Наконец сарай почти совсем очистился, осталось лишь несколько плюх и, быстро побеливши стены, они втащили пресс, скрепкошвейку, валики и стопы дешевой бумаги. Мы втроем, заляпанные побелкой, озарились и устали. Штумпфегль стоял у приемного стола, Фегеляйн — у стола подачи, а я, Вождь, наборщик, ставил в верстатку символы, слова нового голоса. Сочинял свое послание я по ходу дела, пинцетом ставя литеры на место, готовя первое свое послание, создавая на наборной верстатке новое слово. Набор впал на место, движок прочихался, заполнив сарай парами украденного бензина. Я писал, пока люди мои ждали у печатного станка, и воззвание вспыхивало на закопченном черном шрифте:
Покамест вы разглагольствовали и рассуждали о Демократии, пока клеймили и распинали континентальную Европу своими идеологиями, Германия поднялась. Мы провозглашаем, что посреди обломков, оставшихся на вашем пути, существует и благородный национальный дух — дух, благоприятный для объединения мира и ядовитый для капиталистических государств. Восстание германского народа и его восстановление более не стоит под вопросом — земля, тевтонская земля, рожает сильнейшую из рас, тевтонскую расу.

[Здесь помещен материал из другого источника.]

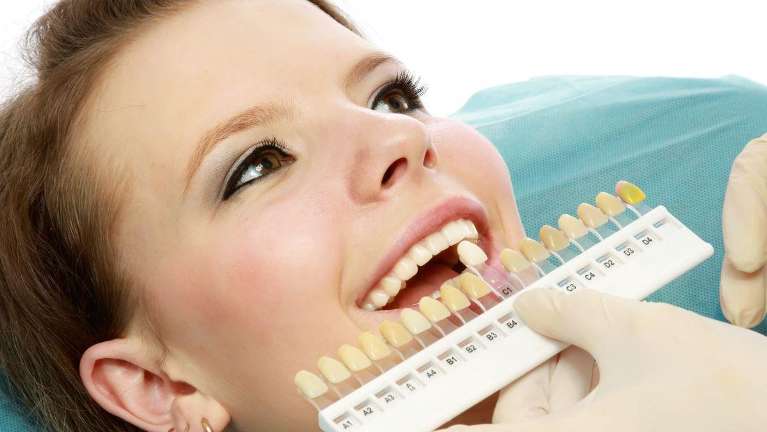 teeth color shades in Topeka, KS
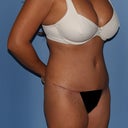 After - stretch marks are gone and skin is tight and youthful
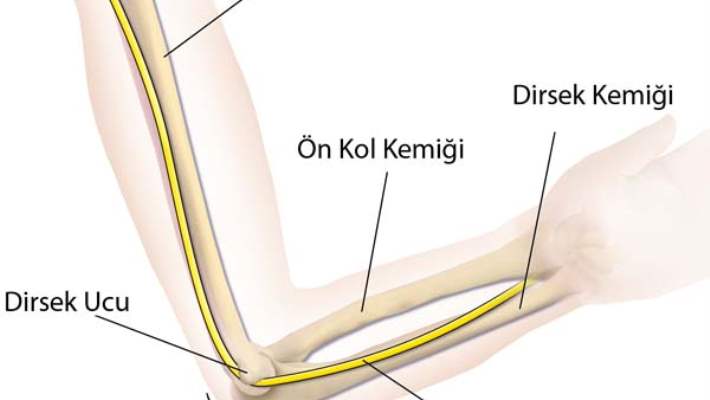 Zengin Plazma (Tzp) Tenisçi Dirseğine Yardım Eder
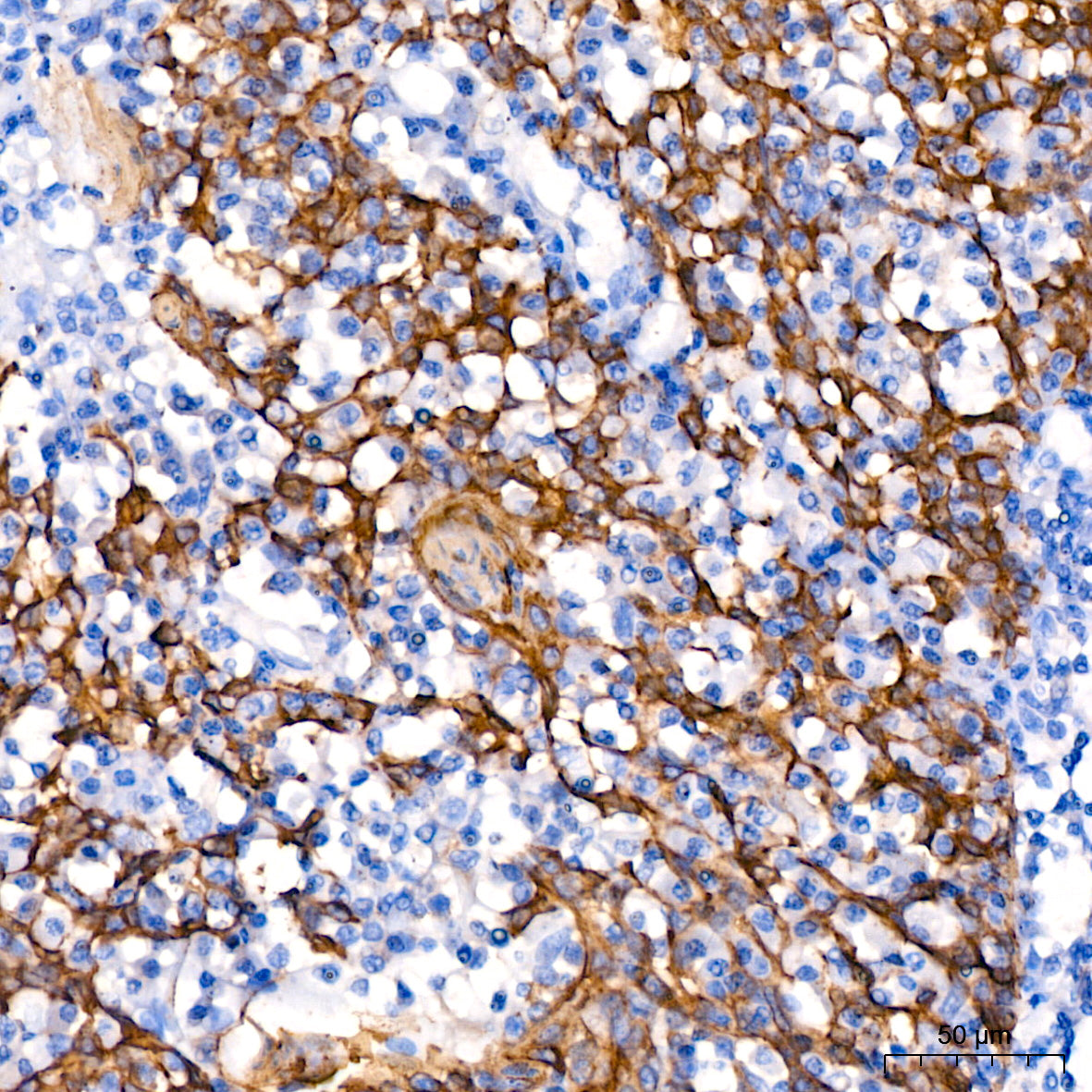 Cytokeratin 14 (KRT14) Rabbit mAb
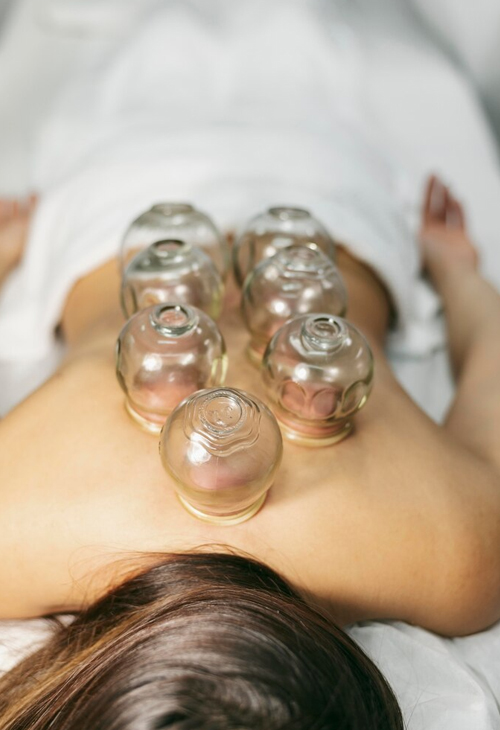 Hijama and Wellness Therapy Dubai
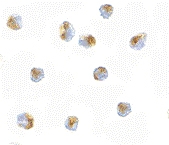PAB13273 - BUB1A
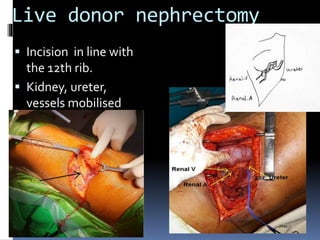 Live donor nephrectomy
 Incision in line with
the 12th rib.
 Kidney, ureter,
vessels mobilised
 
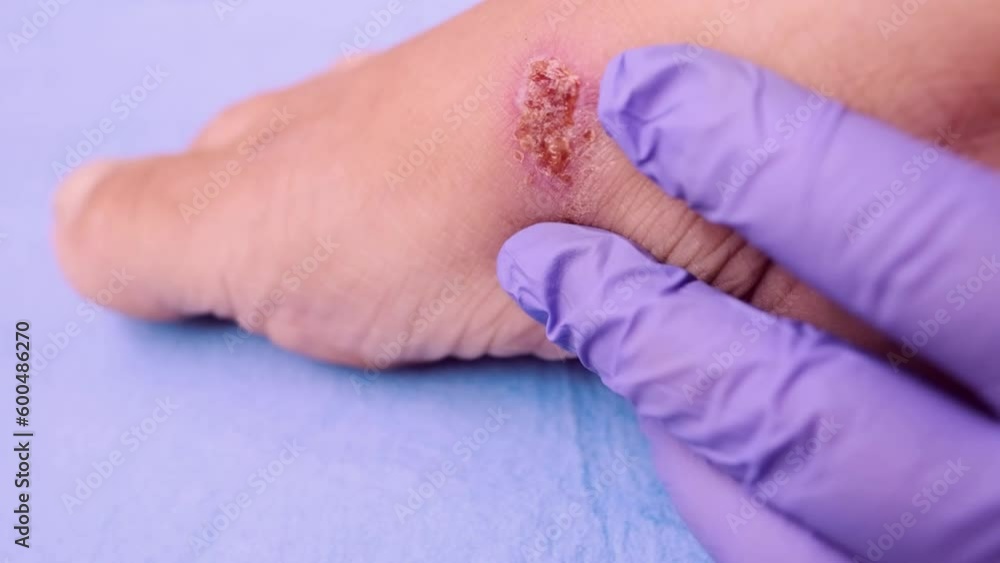 doctor treats weeping wound, trophic ulcer on female leg, wound exudate prevents healing ulcers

Мы платим дань душе Кромуэлла первой войны, кто, осознав власть готов и презревши ослабленную Англию, подстегнул Германскую Техническую Революцию. Это по его вдохновленью Восток достославно маячит впереди, и на его кредо тевтонские холмы и леса выработают своего Сына Родины.
Из руин Афин вздымаются шпили Берлина.
Я отложил щипчики. Без единого слова, но весь подрагивая от воодушевленья, Фегеляйн установил верстатку на место, и станок заворчал громче. Штумпфегль глядел, бесстрастно, как листы — едва разборчивые — начали спадать перышками на приемный стол. Берлин я вообще-то никогда не видел.
Мадам Снеж услышала, как в сарае завозились животные, услышала чуждый лязг, тревожащий ночь.
— Ах, бедолага, — сказала она, глядя на спящего сына Кайзера, — они опять явились за тобою. — Но Баламир не понял.
Сын Мадам Снеж вымученно опустил себя обратно в постель, очень даже бодрствуя и взбудораженный усилием по подъему, одна нога, часть ноги, прямо вверх, таща, как если б она знала обратный путь вверх по лестнице. Лицо актрисы, такое ж яркое, как и у капельдинерши, шмыгало носом и вздрагивало, с улыбкою на устах, в темноте. Он натянул покрывала поверх ночной рубашки, костыли прислонил к кровати. Жена сопела не так тяжело, чтобы ему мешать. С застывшим наслажденьем вспомнил он ту ночь в сарае за пансионом и провинциальную девицу с косичками, хорошенькую, просто загляденье. Она потеряла в сарае штанишки и бросила их там, когда старая Мадам позвала, и пришлось им спасаться бегством. Поздней ночью думал он о том, до чего это восхитительно — юбка, а под нею нет штанишек.
«Мне так не было, — думал он, не забывая и Герцога с ребенком, — с той поездки на неотложке через четыре недели после того, как потерял ногу. Тогда машину трясло, сказал водитель. Сегодня ночью, должно быть, это оттого, что прыгал вверх и вниз по лестнице».